TOMEK JAROLIM [ENTRETIEN]

« Nous ne pouvons travailler à l’heure actuelle que sur le fini car nous ne savons pas encore manipuler l’infini. J’aime cette idée que l’impossible reste impossible et que persiste une faille. » Tomek Jarolim

 

Que cela soit par ses tentatives de reconstituer en images numériques la bibliothèque de Babel qu’évoque Borges, de compter et répertorier les étoiles, ou d’introduire le spectateur dans l’ondulation à peine perceptible du rouge, vert et bleu qui composent les couleurs des écrans, les travaux de Tomek Jarolim sont tous vertigineux. Sa recherche porte sur l’ensemble des possibles qui existent entre l’infiniment grand et l’infiniment petit, entre le tout et le rien, cet espace immensément vaste qui est le nôtre.
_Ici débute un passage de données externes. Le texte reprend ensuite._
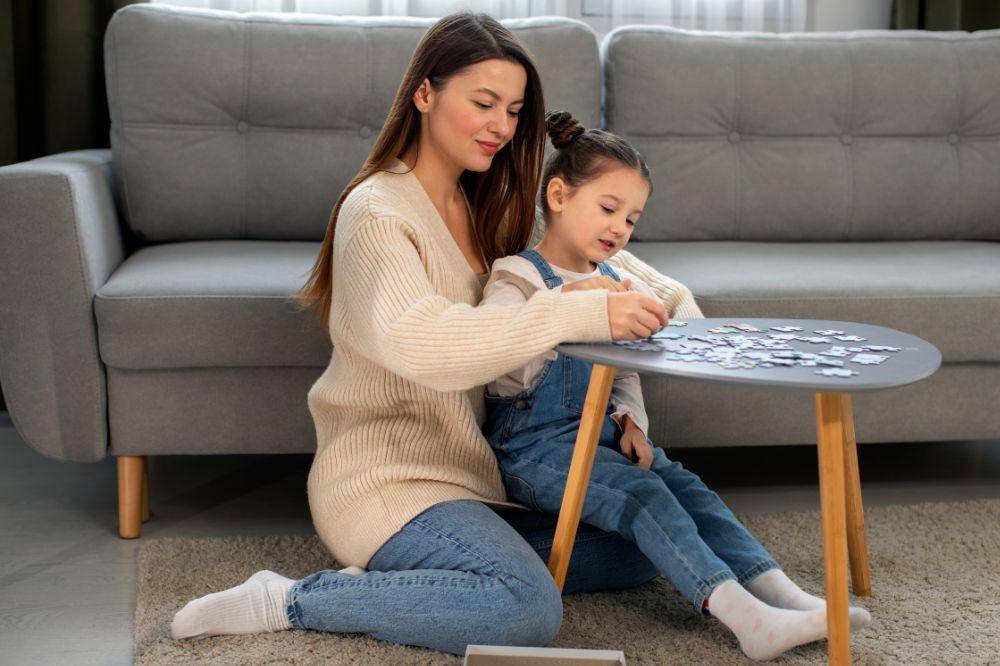 Full shot mother and girl playing game.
Et si ses travaux s’appuient sur la recherche d’algorithmes afin de produire des images des mécaniques célestes ou de phénomènes optiques, ils portent avant tout sur notre manière d’appréhender l’univers et sur notre capacité à faire, grâce à la science, corps avec lui.

 

Quels sont tes outils de travail en tant qu’artiste ?
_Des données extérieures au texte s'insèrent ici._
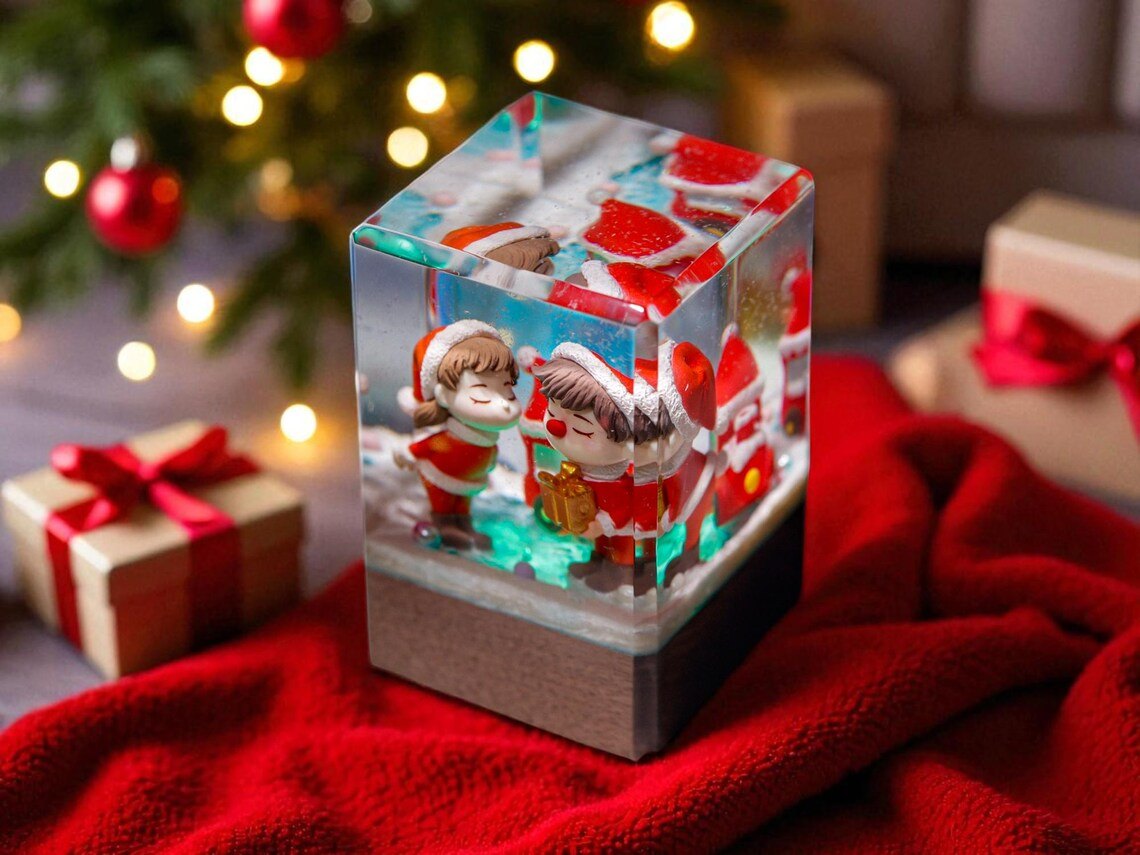 Christmas couple resin cube near a Christmas tree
Mes premiers travaux sur la programmation datent des Beaux-Arts. Il s’y trouvait un pôle consacré au numérique, à l’algorithmique et à ce que l’on appelle du creative coding. En regardant les peintres avec leur palette et leurs pinceaux, je me suis demandé comment je pouvais représenter ma propre image numérique. Tandis que les couleurs primaires des peintres sont le cyan, le magenta et le jaune, mes composantes de base sont le rouge, le vert et le bleu. Tandis que leur toile vierge est blanche, la mienne est noire. Et si par la saturation de peinture leur toile devient noire, la mienne devient blanche. Mon point de départ a donc été cet écran noir que je remplis pour le faire devenir blanc.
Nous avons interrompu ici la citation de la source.